Exercise.
Look for the line with "ebure（エブール）その他 グレー サイズ:38(M位)" in the entries below, then extract that line and all lines after it exactly, with pictures left out.

Caption-style text data.
- - -

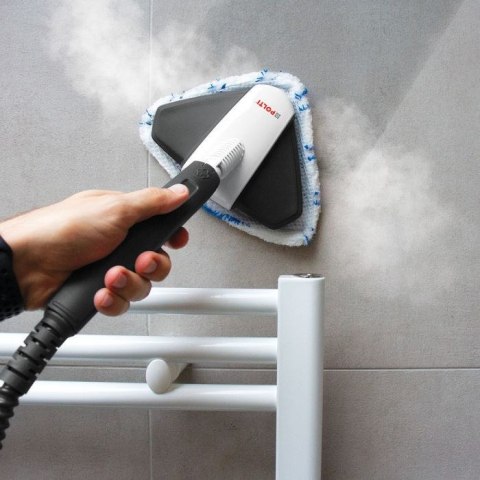 Odkurzacz parowy Polti Vaporetto PTEU0307 SV660 Style 2w1 Odkurzacz parowy Polti Vaporetto PTEU0307 SV660 Style 2w1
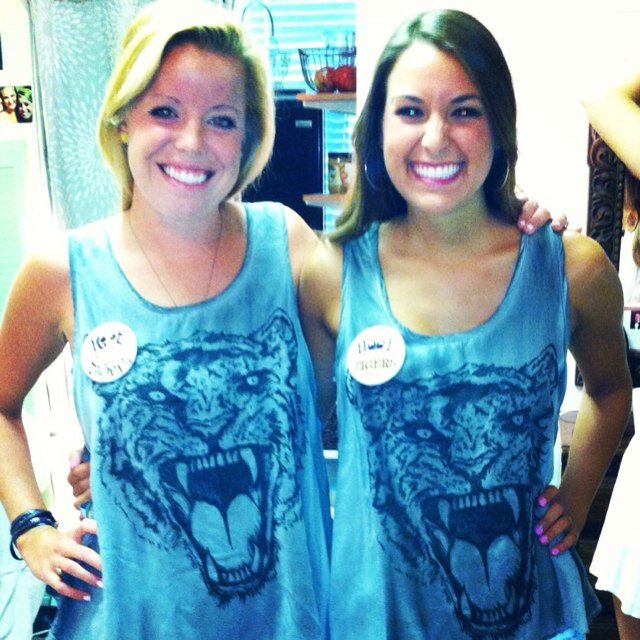 KatlynBourgeois's profile picture. 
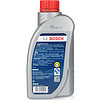 BOSCH 博世 DOT4 汽车刹车油 1L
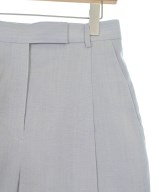 ebure（エブール）その他 グレー サイズ:38(M位) レディース/2200631203759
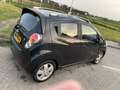 Chevrolet Spark Spark 1.2 16V LT Zwart - thumbnail 2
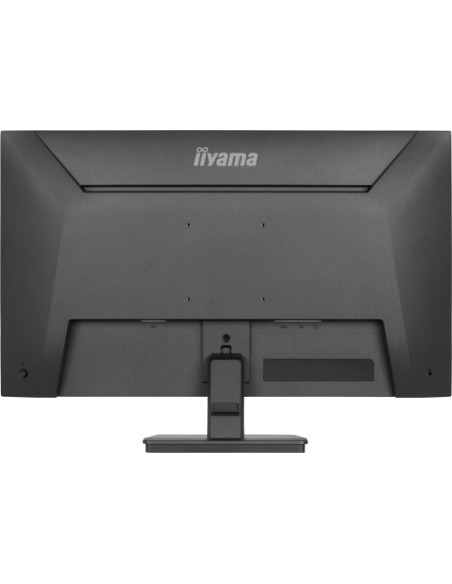 MONITOR IIYAMA 27" IPS, 4-SIDE SLIM BEZEL 2560x1440 75HZ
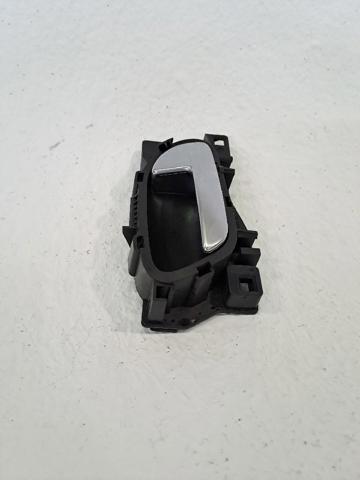 9144G4 PEUGEOT Manija interior derecha delantera/trasera de puerta comprar Alcalá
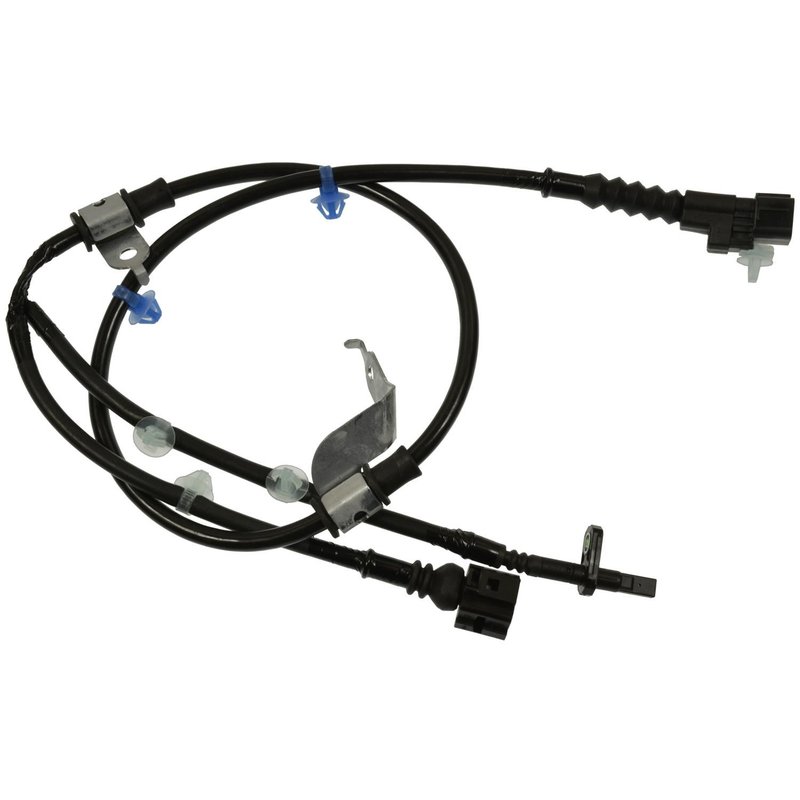 Standard Ignition ALS3001 Tire Pressure Monitoring System Sensor - Rear Left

- - -

Exercise response.
 ebure（エブール）その他 グレー サイズ:38(M位) レディース/2200631203759
 Chevrolet Spark Spark 1.2 16V LT Zwart - thumbnail 2
 MONITOR IIYAMA 27" IPS, 4-SIDE SLIM BEZEL 2560x1440 75HZ
 9144G4 PEUGEOT Manija interior derecha delantera/trasera de puerta comprar Alcalá
 Standard Ignition ALS3001 Tire Pressure Monitoring System Sensor - Rear Left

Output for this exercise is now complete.